Mme Desrochers : Le projet de loi va les obliger à s'y conformer parce qu'il établit un processus à cette fin. Le gouvernement peut refuser de verser le financement relatif à ces ententes et il peut mettre fin aux ententes. En effet, le projet de loi C-27 permettra au ministère des Affaires indiennes d'atteindre ses buts, mais il n'améliorera pas la situation sur le terrain. Il mènera à plus de chicanes parmi les dirigeants et le peuple parce qu'il s'agit d'une loi coloniale qui gouverne la collectivité.
Mme Wilson-Raybould : Le projet de loi n'améliorera pas la reddition de comptes et la transparence. Il a fait l'objet d'un examen très approfondi.

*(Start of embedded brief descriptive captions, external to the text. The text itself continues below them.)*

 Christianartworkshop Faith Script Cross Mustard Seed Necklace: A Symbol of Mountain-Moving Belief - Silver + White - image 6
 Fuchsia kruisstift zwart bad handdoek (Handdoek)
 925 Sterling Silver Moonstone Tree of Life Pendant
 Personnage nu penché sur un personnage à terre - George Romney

Le nouveau ministre des Affaires autochtones, le ministre Valcourt, a la possibilité d'examiner les témoignages entendus par les comités et d'examiner le projet de loi C-27 pour déterminer, à la lumière de toutes les discussions et justifications liées aux politiques, si oui ou non on atteindra vraiment le but du projet de loi C-27. Je crois que le nouveau ministre dispose d'une telle possibilité.
Mme Desrochers : Le projet de loi permettra au gouvernement fédéral d'atteindre son but, mais il ne créera pas un climat positif sur le terrain.

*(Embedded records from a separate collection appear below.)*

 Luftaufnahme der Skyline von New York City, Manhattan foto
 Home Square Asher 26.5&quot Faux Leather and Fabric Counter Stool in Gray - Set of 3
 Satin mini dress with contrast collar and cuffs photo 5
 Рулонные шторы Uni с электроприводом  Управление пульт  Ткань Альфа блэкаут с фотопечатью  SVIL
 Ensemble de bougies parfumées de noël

La sénatrice Dyck : D'autres témoins, y compris le ministre, nous ont dit que les recours prévus par le projet de loi sont déjà à la disposition du ministre; il n'y a donc rien de nouveau.

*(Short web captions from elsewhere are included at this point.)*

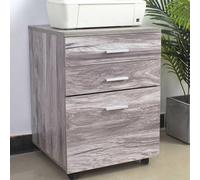 Cassettiera Mobile Scrivania Mobiletto Porta Stampante in Legno MDF con 3 Casset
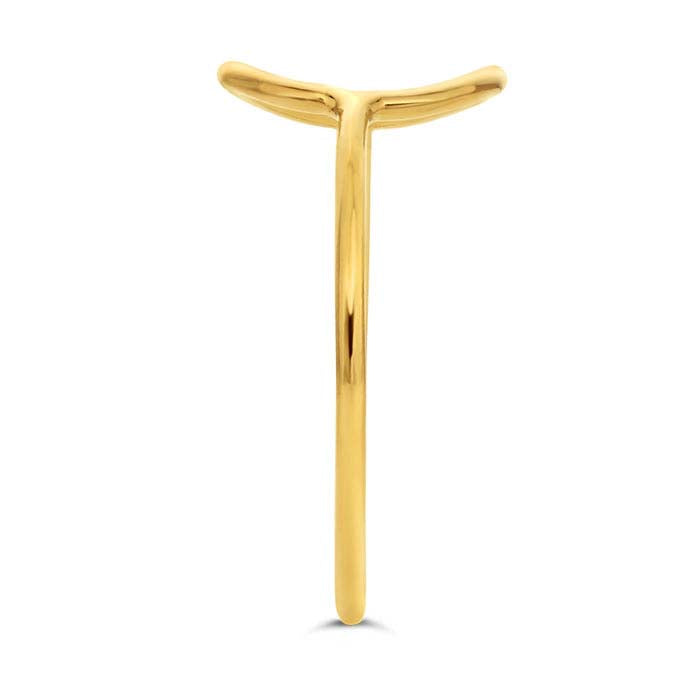 خاتم دائرة مفتوحة مطلي بالذهب الأصفر عيار 14/20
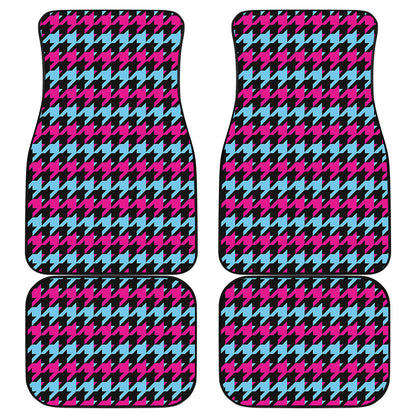 Pink Blue And Black Houndstooth Print Front and Back Car Floor Mats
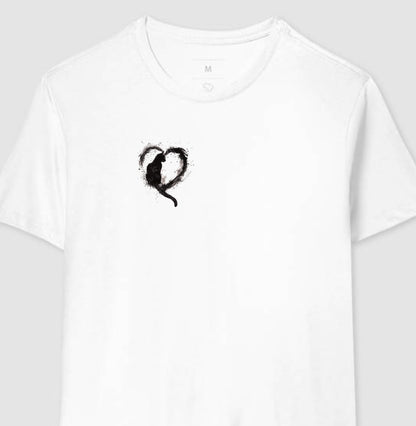 Camiseta Love Cats Coração Felino Minimalista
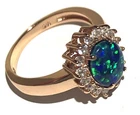 Charming Rose Gold Opal Ring with Cubic Zirconia Triplet opal Ring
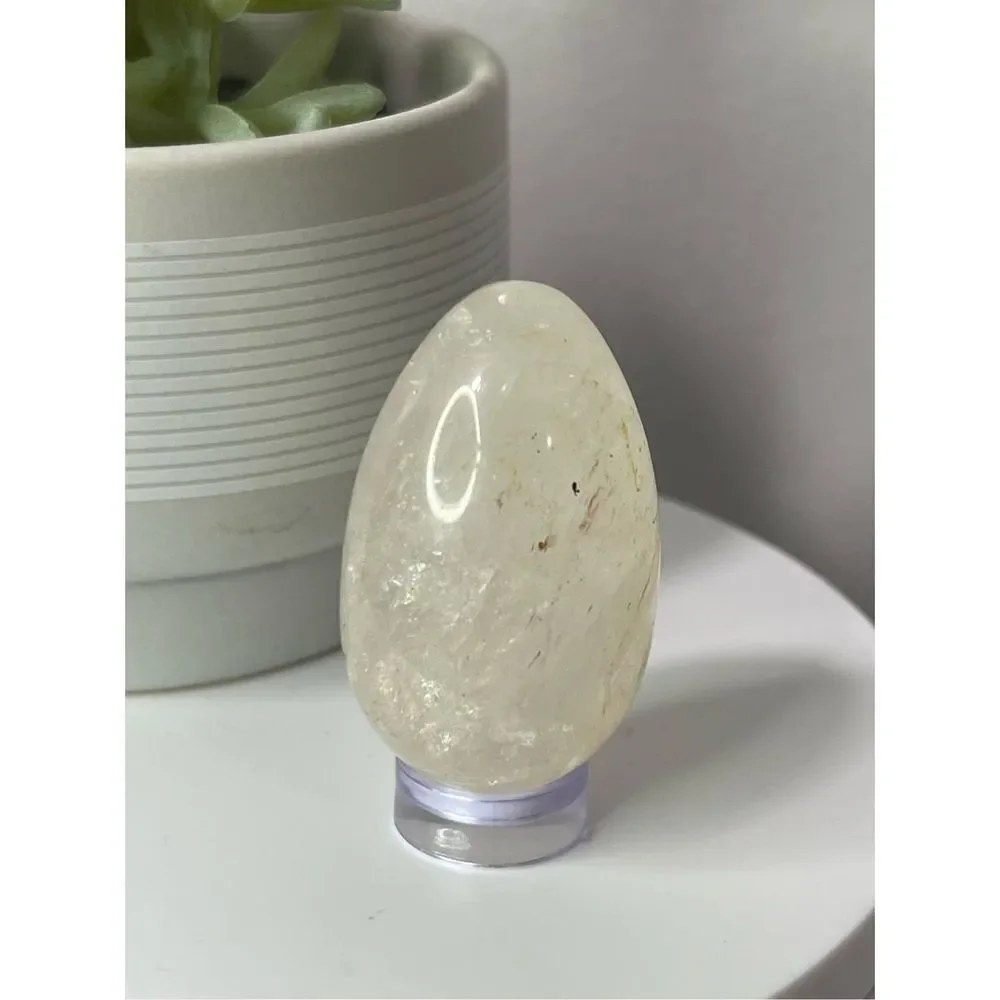 Natural Polished Clear Quartz Egg - Picture 3 of 5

Mme Desrochers : Il faut informer les gens au sujet du processus. On ne consulte pas nos gens sur le terrain. Chef Wilson a dit qu'elle a la permission de tous ses chefs de parler, mais je peux vous dire que bien des gens en Colombie- Britannique n'appuient pas les gestes de leur chef et de son conseil. Je ne suis pas contre les chefs et les conseils élus en vertu de la Loi sur les Indiens. Je suis en faveur d'une bonne gouvernance et du respect du droit à l'autonomie gouvernementale, mais le simple fait d'avoir le droit de parler au nom de 203 personnes ne nous donne pas le droit de parler au nom de 1 million de personnes partout au monde. En disant cela, je n'ai pas l'intention de manquer de respect.
Mme Wilson-Raybould : Simplement pour confirmer ce qui a été dit, les recours existent déjà, comme vous l'avez indiqué. Le pouvoir dont dispose le ministre n'a pas changé.
La sénatrice Raine : Madame Desrochers, vous avez dit qu'il faut un public bien instruit, et nous savons cela, mais je vois le projet de loi C-27 comme un mécanisme très convivial pour sensibiliser le public — c'est-à-dire les membres des Premières nations et d'autres gens qui aimeraient peut-être obtenir des renseignements auxquels ils n'ont pas accès à l'heure actuelle. Êtes-vous d'accord?
Mme Desrochers : Oui, en effet, si on affiche l'information sur Internet, les gens pourront y accéder plus facilement. Cependant, le projet de loi lui-même s'ingère dans la gouvernance des Premières nations dans leur ensemble. Nous ne pouvons pas nous gouverner nous-mêmes en ayant une source externe qui nous impose des lois.
Le président : Je tiens à vous remercier de votre présence ici. Nous avons eu droit à une discussion fort intéressante. J'ai bien aimé les divers points de vue présentés ainsi que l'engagement des sénateurs. Si je décidais de poursuivre, je suis convaincu que nous serions chassés de cette salle, au lieu de pouvoir quitter de notre propre gré.
Nous allons suspendre la séance et siéger à huis clos.